It’s easy to go over budget on marketing without seeing significant results. However, with the right allocation of resources and effective use of analytics, nonprofits can tap into marketing channels and strategies that offer high returns.

By tracking the right metrics, you’ll be able to determine what parts of your nonprofit advertising strategy are successful and what needs to be adjusted. But what metrics are the right ones to monitor?

To help your nonprofit understand which marketing metrics matter and why, this guide will explore four basic advertising key performance indicators.

What is this metric?

When someone sees your ad or social media post, whether they engage with it or not, they are counted as an impression.

Keep in mind that you can only track impressions—and many of these metrics—for digital marketing. You may be able to make some comparisons for other forms of marketing like direct mail, but offline channels often have their own unique sets of performance indicators, such as returned letters for direct mail.

Why does it matter?

Impressions determine how many people are seeing your ads and posts. The higher your impressions, the bigger an audience you are being exposed to and the more potential supporters you can earn.

If you have low impressions, you should reconsider your messages or even the platform you are using. For instance, if your impressions on a social media site are on a continual decline, this could be a sign that the platform is losing users and no longer worth spending time crafting outreach on.

Additionally, watch out for impression rates that are too good to be true. Some platforms count users completely scrolling past an ad as an impression since it was technically shown to them. While some platforms have millions of users, if your impressions are in the millions, it could be a sign something is wrong, especially if your click-through rate is low.

Click-Through Rate
What is this metric?

In contrast to impressions, your click-through rate is the number of users who click on a link to your website. This link might be in an email, an ad, a text message, or any other digital marketing method.

For example, you might create a search engine ad promoting matching gifts. Individuals who see the ad and do not interact any further are impressions. Individuals who click through to it count as both impressions (since they saw the ad) and click-throughs (due to clicking on it).

Find your click-through rate by using analytics tools to track clicks. Many platforms with paid ads, like social media and search engines, will provide analytics data, such as click-through rates. Meanwhile, other communication tools, such as email platforms, can be set up to track engagement.

Why does it matter?

Whereas impressions show how effective your ads are at reaching a wide audience, click-through lets you know if that audience is actually engaging with your content. Your click-through rate is calculated by dividing the number of clicks by the number of impressions. If your ads receive high impressions but a low click-through rate, you should reconsider the audience your ads are targeting.

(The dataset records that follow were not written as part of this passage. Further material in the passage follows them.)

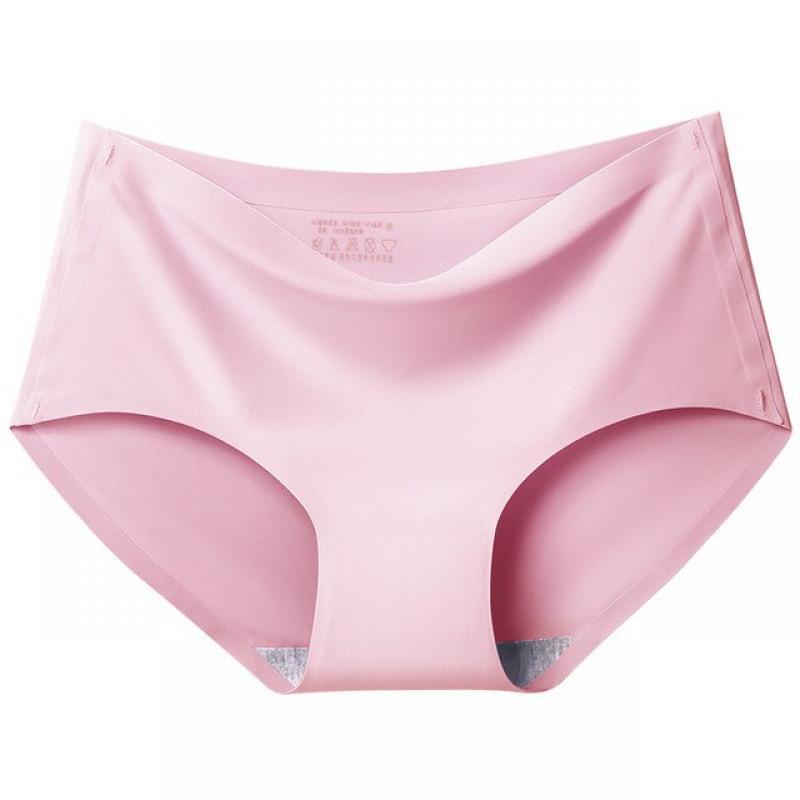 10PCS Women's Panties Solid Seamless Underwear Plus Size Comfortable Briefs Silk Satin Lingerie Health  trackless UnderpantsIce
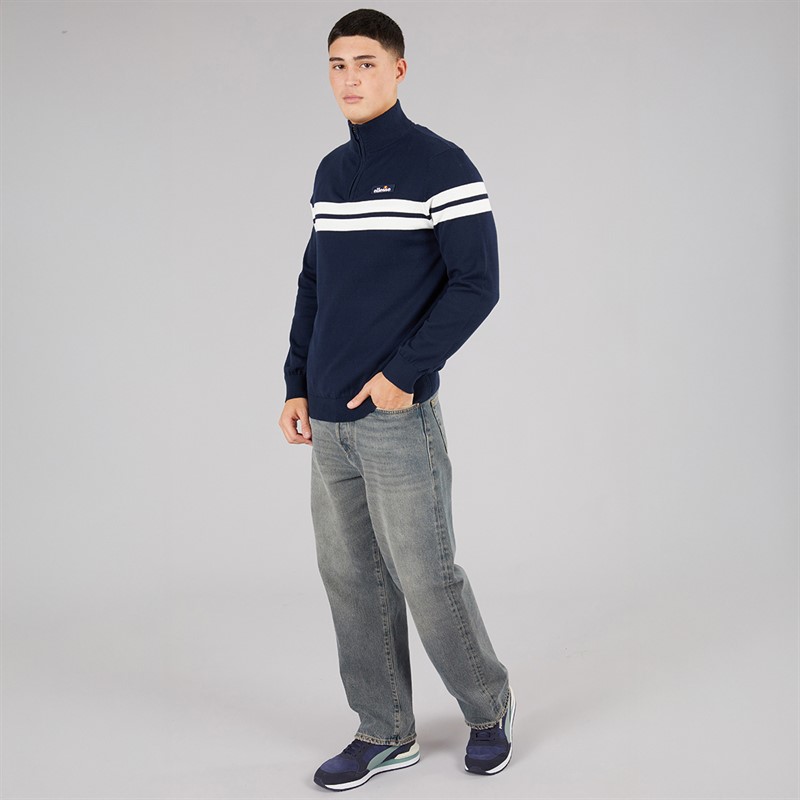 Ellesse Mens Dison 1/2 Zip Knitted Jumper Navy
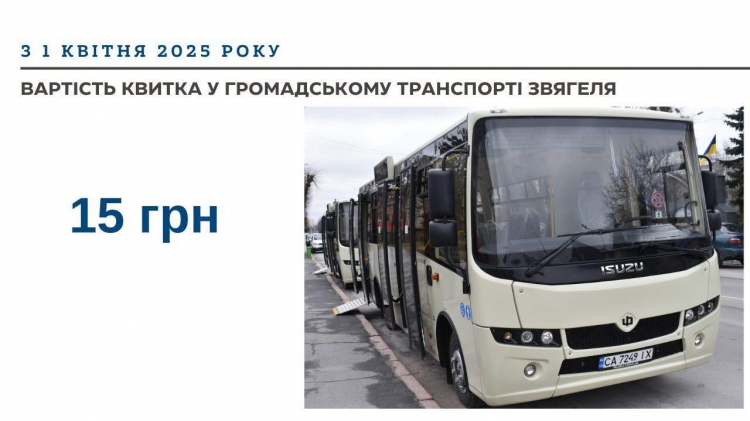 15 гривень — вартість квитка у громадському транспорті Звягеля
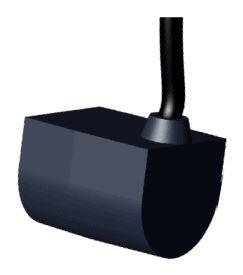 Päätykappale, 21 mm, ulostulo kiskon puolelta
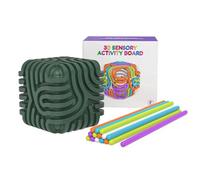 Sensory Activity Board, Silicone FidgetCube Toy, Pocket Sensory Toy, Fine Motor Skill Development, Stress Relief Tool, Green/Burgundy, For Children Kids Teens Adults Over 3 Years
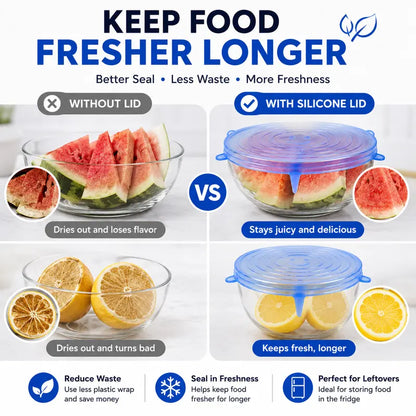 6 Pack Reusable Silicone Stretch Lids | Food-Grade Airtight Covers for Bowls, Pots, Fruits | BPA-Free Microwave & Freezer Safe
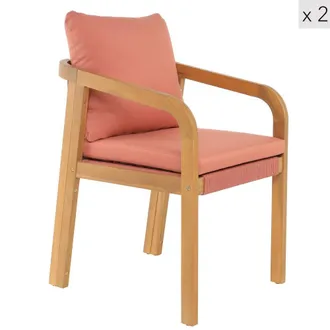 Nordlys Set 2 sillas de jardin en madera y tejido rosa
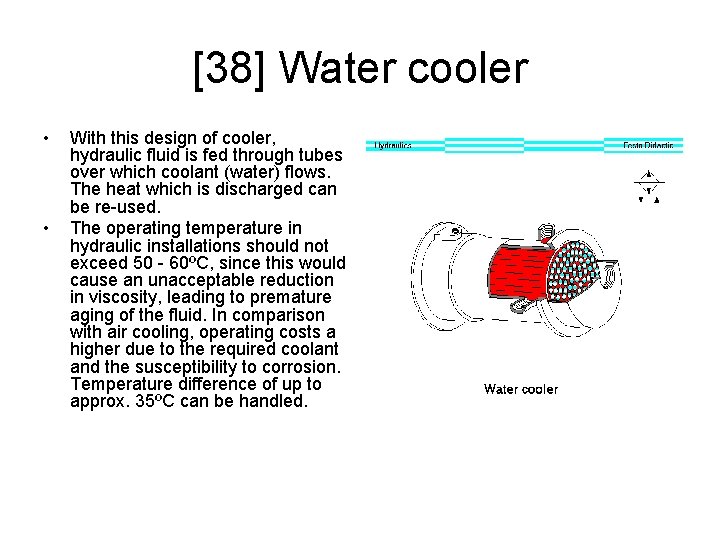 [38] Water cooler • • With this design of cooler, hydraulic fluid is fed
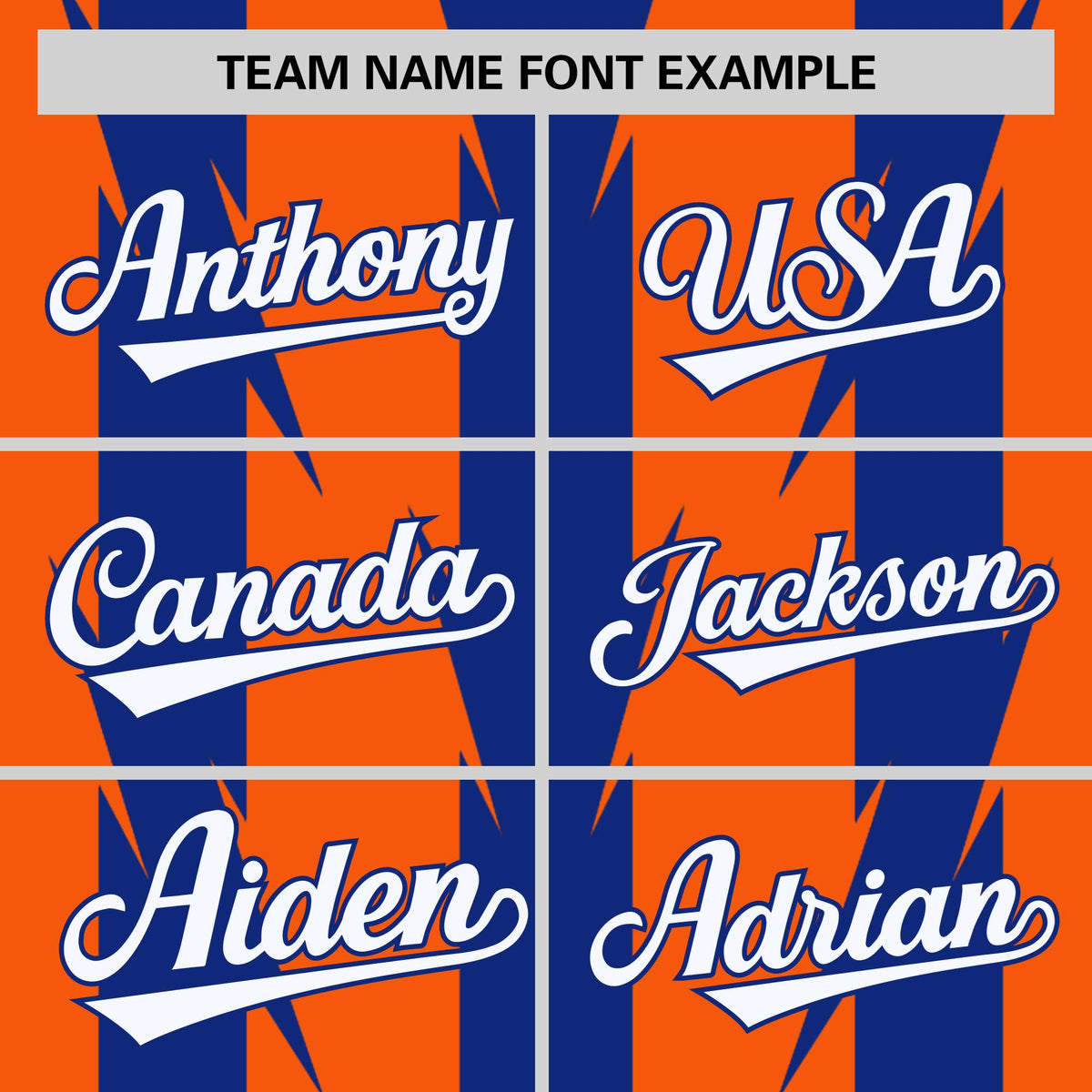 Custom Orange Royal Blue-White Blade Graffiti Pattern Varsity Full-Snap Jacket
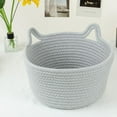thumbnail image 3 of Light Grey Bathroom Shelf Basket, 9.4 Inch Woven Rope Bin, 1 Count, Small Cotton Storage Container For Guest Towel Skin Care, Modern Living Room Catchall, Clean Minimalist Home Organization, 3 of 3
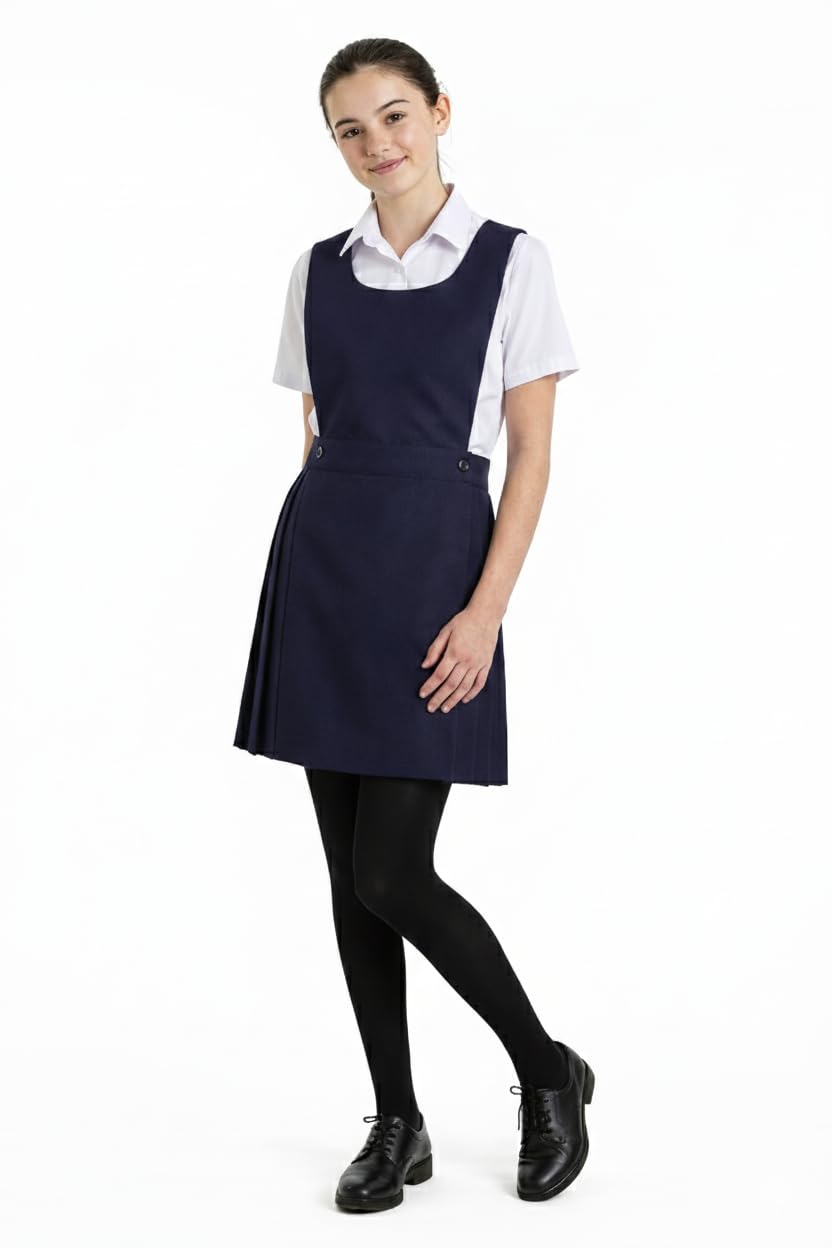 Insafians Girls Navy Classic Sleevless Pinafore Dress With Bottom Pleated Skirt | Two Front Buttons School Bib Uniform(Nvy 5/6)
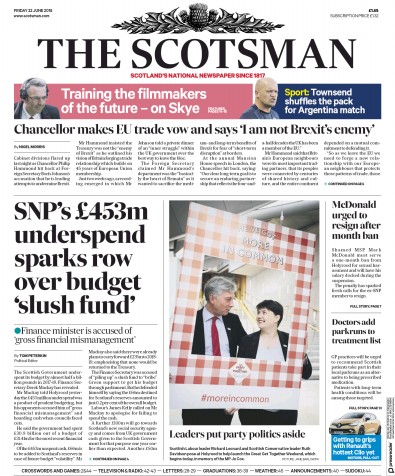The Scotsman (UK) Newspaper Front Page for 22 June 2018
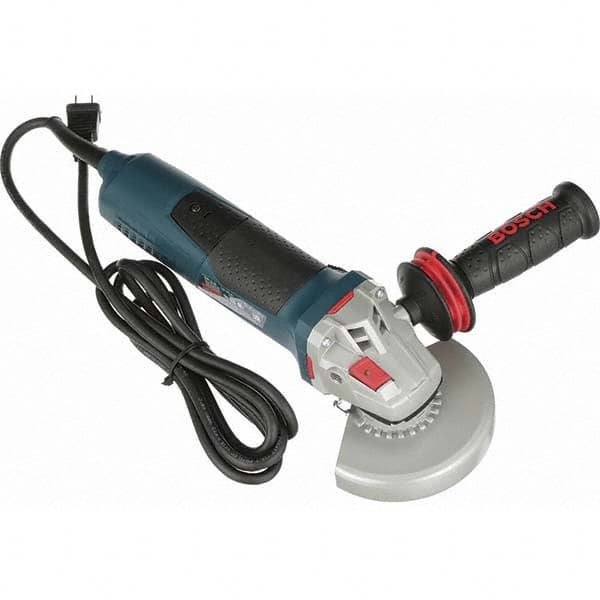 Bosch - 5" Wheel Diam, 11,500 RPM, Corded Angle & Disc Grinder - 5/8-11 Spindle, 120 Volts, 13 Amps - Benchmark Tooling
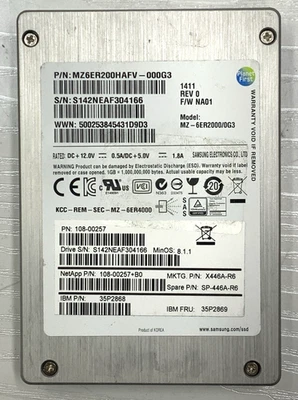 Samsung 200GB SAS 6Gb/s 2.5" SSD | MZ6ER200HAFV, MZ-6ER2000 - Image 1 of 4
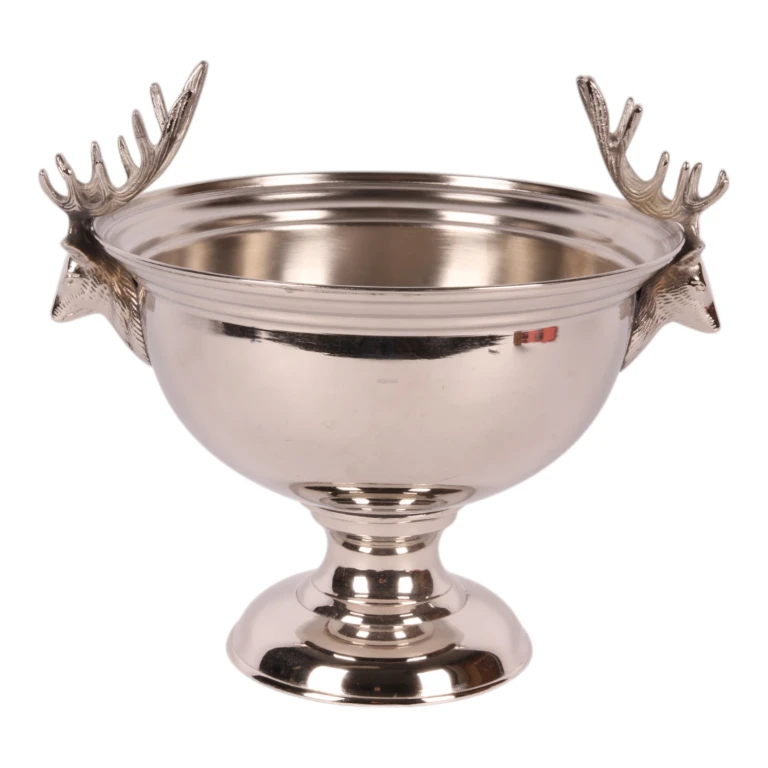 Vin køler med hjortehoveder - sølvfarvet messing - 27,5 cm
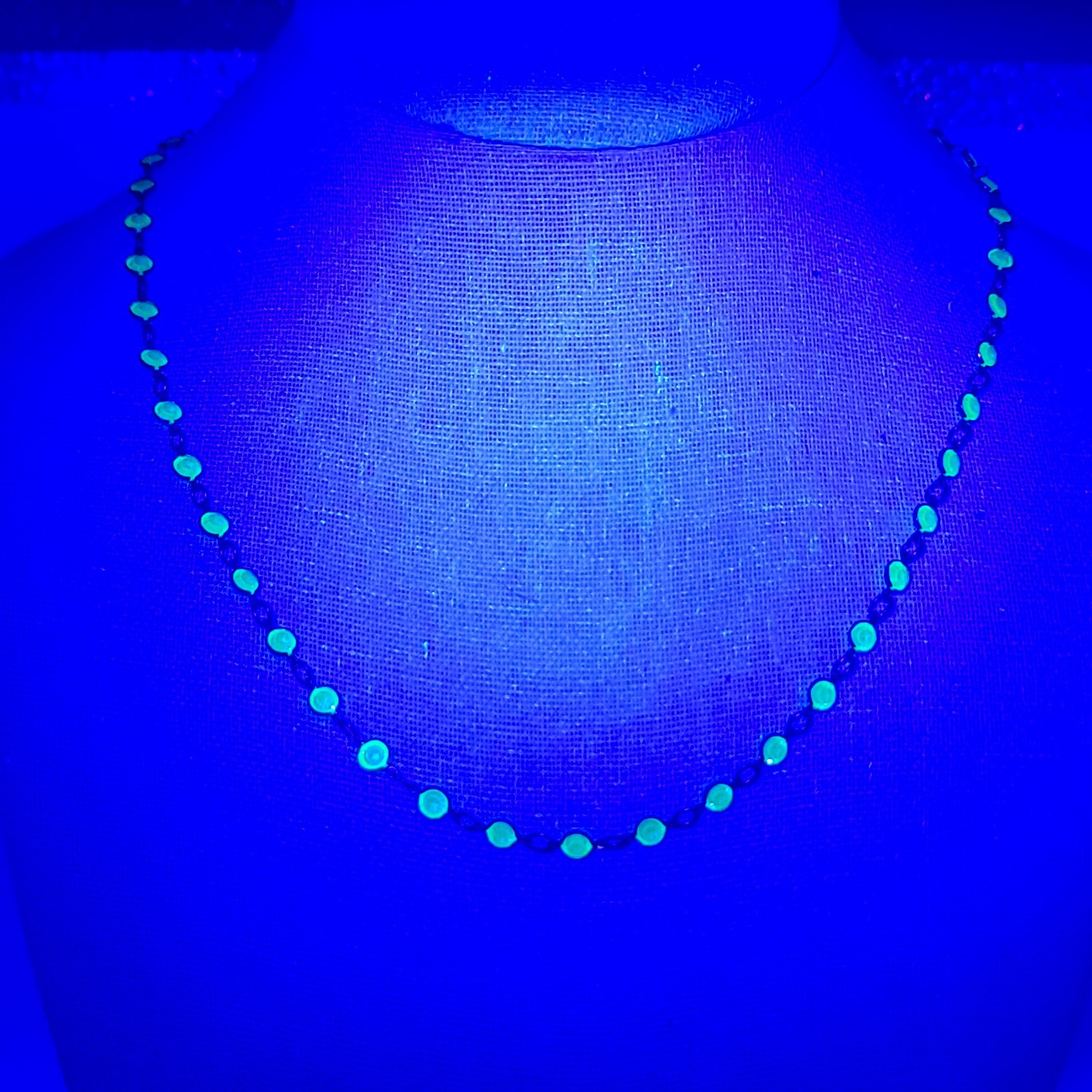 Dainty Uranium Glass Necklace Riviere Green Faceted Gold Tone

A good click-through rate depends on your field, but in general, campaigns that maintain a 3-5% click-through are successful.

Bounce Rate
What is this metric?

Bounce rate has a few definitions, including:

  • Unengaged website sessions
  • Website visitors who only viewed a single page before leaving
  • Visitors who land on a page before quickly leaving

Ultimately, all of these mean the same thing: individuals who visited your website and left without taking any significant action. Essentially, they saw your website and “bounced” away from it.

For example, a supporter might visit your donation page on their phone, realize it’s not adapted for mobile devices, and leave without taking any action. This visitor would count as a bounced user.

Why does it matter?

A high bounce rate is a sign something is wrong with your website or marketing campaign. Specifically, bounce rates can rise for a number of reasons, such as:

  • Your marketing campaigns are misleading. Picture this: you click on an ad promising a two-for-one deal, but on the website, it states the promotion has already ended or only applies to members. You would likely back out of the page quickly. Ensure your ads properly represent your nonprofit’s purpose and what supporters can do on your website to avoid accidentally misleading anyone.
  • Your website has performance issues. If your website has slow loading times, an out-of-date design, or appears not secure, visitors will quickly leave. For instance, in our previous example, mobile users are highly likely to bounce off of websites that are not adapted for their devices.
  • Your website is unengaging. Website visitors may simply not see anything they want to engage further with. Assess your website to ensure the navigation and calls to action are clear, your design grabs attention, and the website’s purpose is clear.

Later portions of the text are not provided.